343 Industries Engineer Andrew Schnickel, who has been with the company for over ten years, recently sat down with PC Gamer to explain why this happens and it’s not because developers are lazy. To understand what he said, you first need to know a little about game code, especially the time measurement unit called “game tick”. Game tick works well when the FPS is locked at 30, but things start to change when it goes higher.
"When some code said 'I want this thing to happen over 1/30th of a second' and somebody else said 'I want this to happen over one game tick,' they were equivalent," Schnickel explained to PC Gamer. "Now we go up to 60 frames per second, and 1/30th of a second and one game tick, are not the same thing anymore. That broke a number of things: Weapon fire was one area that we found a number of issues; you could see that effects would play too quickly; the mission scripting actually through the campaign, we had a lot of problems with that, a lot of that was tick based rather than time based."
Schnickel added that it is possible to go line by line to find these “bugs” and fix them, however they can be easily missed. There are thousands of lines of code and going through all of that is no simple task. In Halo 4, upgrading the game for Xbox One with 60 FPS support created a bug where a sniper jackal on top of a cliff wouldn't die, no matter what you did. This was because a timing issue in the code made him immortal. "It takes a lot of careful debugging to find that," he said.
There was even as an issue with Dark Souls 2 where your weapon will deteriorate quicker if you played at higher FPS. After Schnickel's explanation it makes more sense. The weapon deterioration rate was linked with FPS, and when FPS increased, the game ticks passed through quicker and made the sword wear down faster than usual.
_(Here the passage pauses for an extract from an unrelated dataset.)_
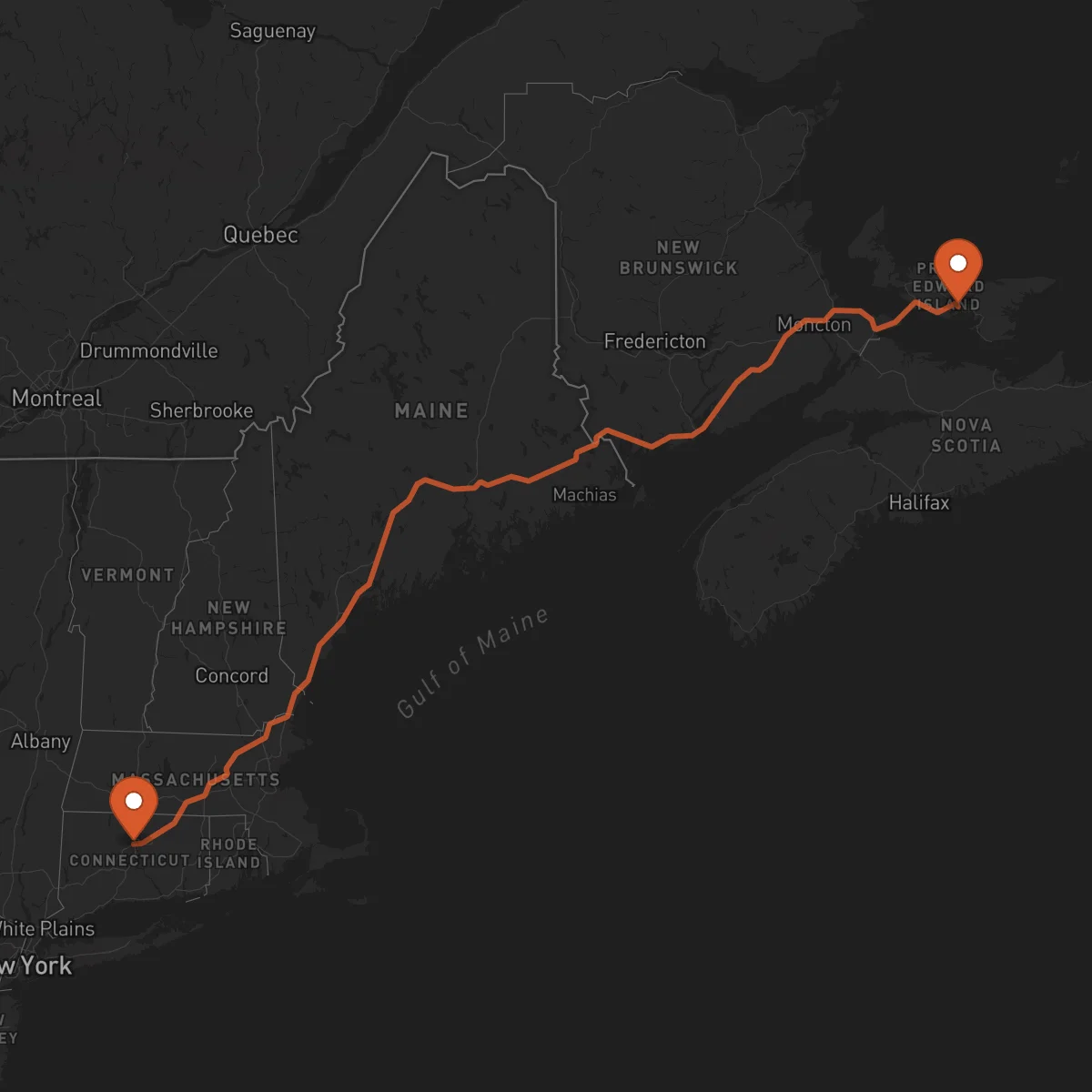 Ruta Hartford - Charlottetown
All of these issues are only when upgrading to 60FPS from 30FPS. If you want to play the game at uncapped FPS (let’s say 95) then none of the code will work as the game tick will become a variable rather a constant value. Getting a higher frame rate also causes an issue in animations that were designed for 30FPS.
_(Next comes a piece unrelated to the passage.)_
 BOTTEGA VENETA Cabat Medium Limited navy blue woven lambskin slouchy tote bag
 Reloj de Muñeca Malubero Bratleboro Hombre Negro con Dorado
"Where you really do run into problems is the interpolation, and you see that in animations and effects a lot," Schnickel said. "The animations in particular are challenging, because they were just authored for a slower frame rate. If you're familiar with how animation tends to work, you put in key frames, and then you interpolate between those key frames, and the interpolation doesn't always do what you expect it to do."
Producer Mike Fahrny claimed that finding these issues is quite difficult because they don’t appear on every PC. Playing a game at an uncapped FPS, you will only catch problems if you are at the wrong place at the wrong time. So while testing, the game can work fine on a developer's PC, but that’s no guarantee that the same will be the case for players. "That's the fun part of PC, right, all the different compatibility issues, and all the hardware that you have set up," Fahrny said. "Some people see this stuff and some people aren't sensitive to it, versus some people that just are."
These interpolated animation issues were present in Halo Reach back when it was in beta. It even caused some players to suffer from motion sickness. It’s a weird thing that only a few extra frames can “break” an animation, or cause players some discomfort. "Sometimes things won't play exactly the same that they did, but hopefully we minimize that," Schnickel said to PC Gamer. "But there's areas where just by necessity we have to do it. Certainly trying to smooth out some of the motion, especially around the camera in some of the first-person animations."
Due to all these issues, Halo Reach wasn’t released with a robust FPS limiter. As of now, the game can only be played at 60FPS or uncapped. You can’t force the game to run at, let’s say, 144 FPS.
Schnickel's explanation really put things in perspective. All of us criticize developers when these issues occur, but we now know that fixing even a simple issue such as frame rate limits can be quite problematic.